TIGNES - Le Tour de France honore, mardi, l'un de ces rendez-vous qu'il affectionne avec sa légende séculaire, en escaladant l'Iseran, où le grand Louison Bobet mit définitivement pied à terre, puis le Galibier, où Coppi écoeura l'adversité.

Les deux cols sont les géants du Tour: 2.770 m pour l'Iseran, 2.642 pour le Galibier.

À ces altitudes, où l'organisme se ressent déjà de la raréfaction de l'oxygène, juillet n'est jamais une certitude. En 1996, la neige tombe soudain au dessus de 2.500 mètres. Au matin, de violentes rafales d'un vent glacial râpent les sommets. L'ascension des deux cols est annulée. Ce qui devait être la grande étape alpestre entre Val d'Isère et Sestrières se transforme en promenade de 46 km dans la vallée.

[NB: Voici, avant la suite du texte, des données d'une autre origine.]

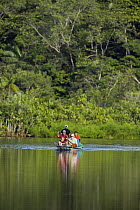 Tourists in canoe on river, Amazon, Ecuador
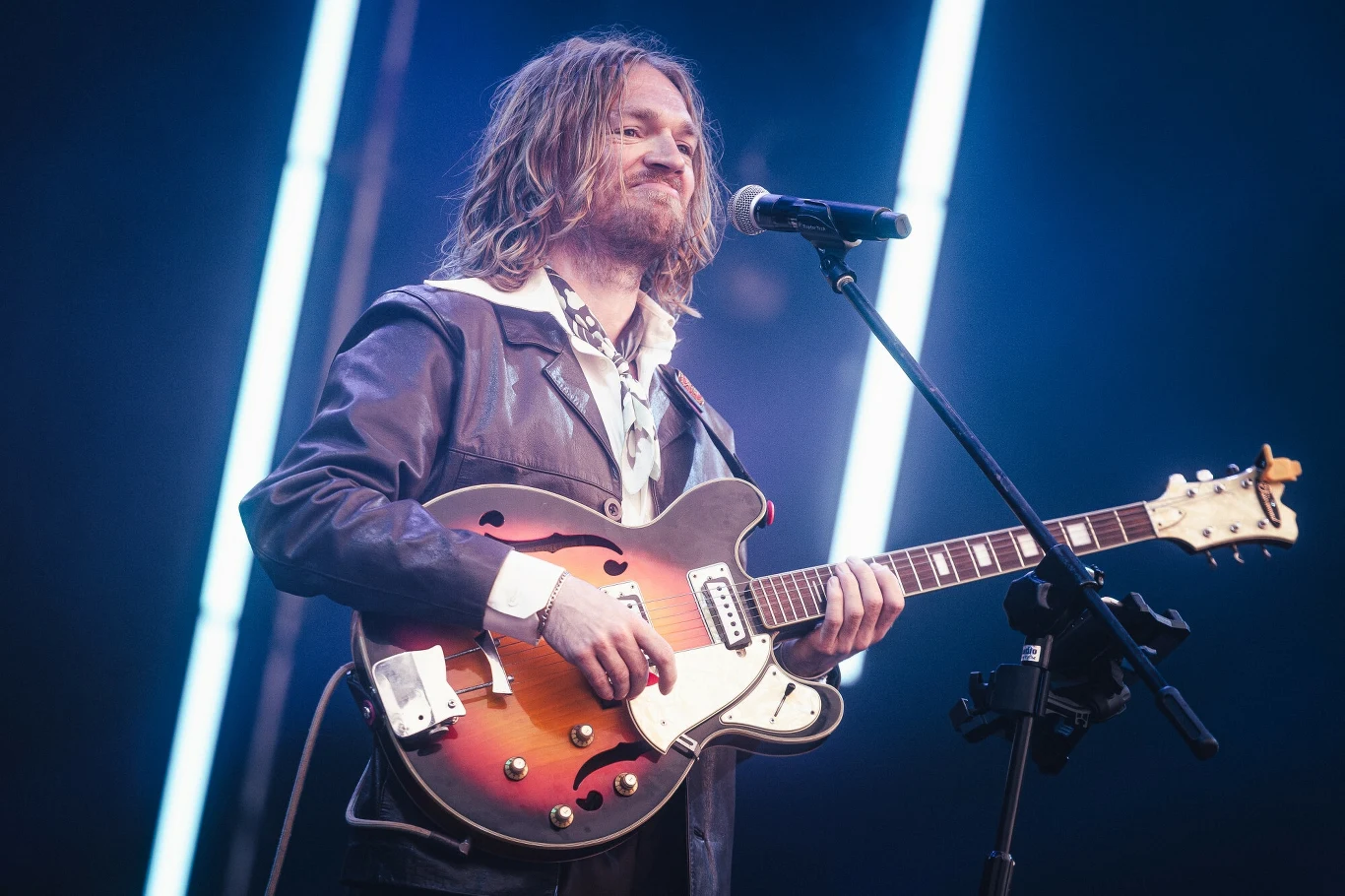 Koncert Cinnamon Gum w Gdańsku na Męskim Graniu 2025 Mężczyzna z długimi włosami w skórzanej kurtce trzyma gitarę elektryczną, stojąc na scenie przy mikrofonie. W tle widoczne są jasne pionowe światła.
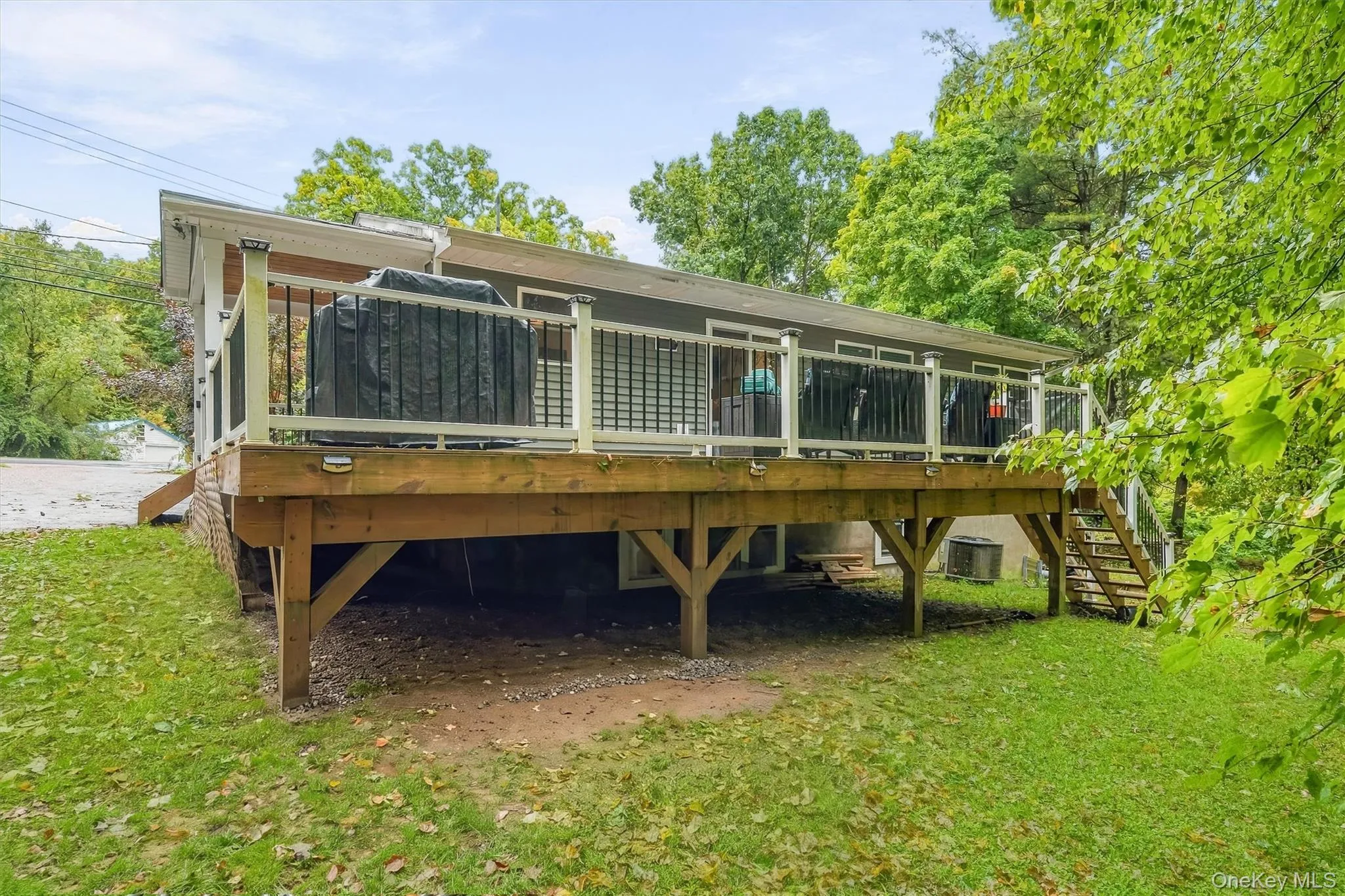 Wood deck with white and black railings, surrounded by mature trees, and featuring a staircase to the ground level Wood deck with white and black railings, surrounded by mature trees, and featuring a staircase to the ground level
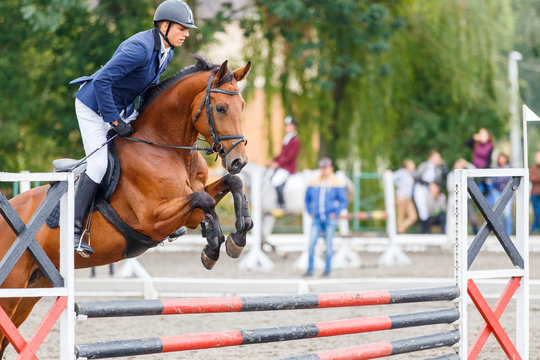 Young rider man jumping on horse over obstacle on show jumping competition
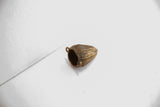 View of the hollow interior and side loop of a handmade woven bronze pendant.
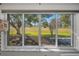 Large window showcasing a scenic golf course view at 3521 Teeside Dr # 3521, New Port Richey, FL 34655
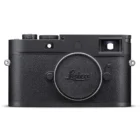 A black Leica camera with a textured body, featuring a circular lens cap and viewfinder on the top right.
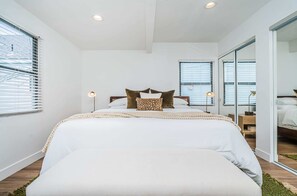 A modern bedroom with a large bed, white bedding, and a green rug. - Magnolia Suite I Steps to Shops, Dining + Bay (Coronado)
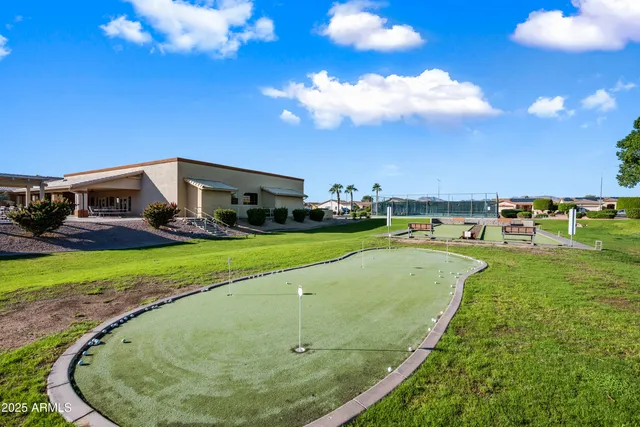 a view of a dining room with furniture a rug and wooden floor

Il fut pourtant une époque où le Tour passait, quoi qu'il arrive. En 1948, le peloton est surpris par une tempête de neige dans les lacets du Galibier. Bartali et Bobet, les deux grands rivaux, montent ensemble. Bartali place plusieurs attaques. Bobet revient chaque fois. Le Français et l'Italien passent ensemble au sommet.

La descente est terrible. Le Français Lazarides, frigorifié, doit arracher d'un coup sec une stalactite de glace qui s'est formée sous son menton. "Les coureurs naviguent dans un torrent de boue et les crevaisons sont innombrables", note un chroniqueur de l'époque.

Sublime renoncement

Quatre ans plus tard, en 1952, un autre Italien, le campionissimo Fausto Coppi, écrit un nouveau chapitre de l'histoire du Galibier. L'étape redoutée mène les coureurs de Bourg-d'Oisans à Sestrières. Au programme, la Croix-de-Fer, le Galibier, Montgenèvre.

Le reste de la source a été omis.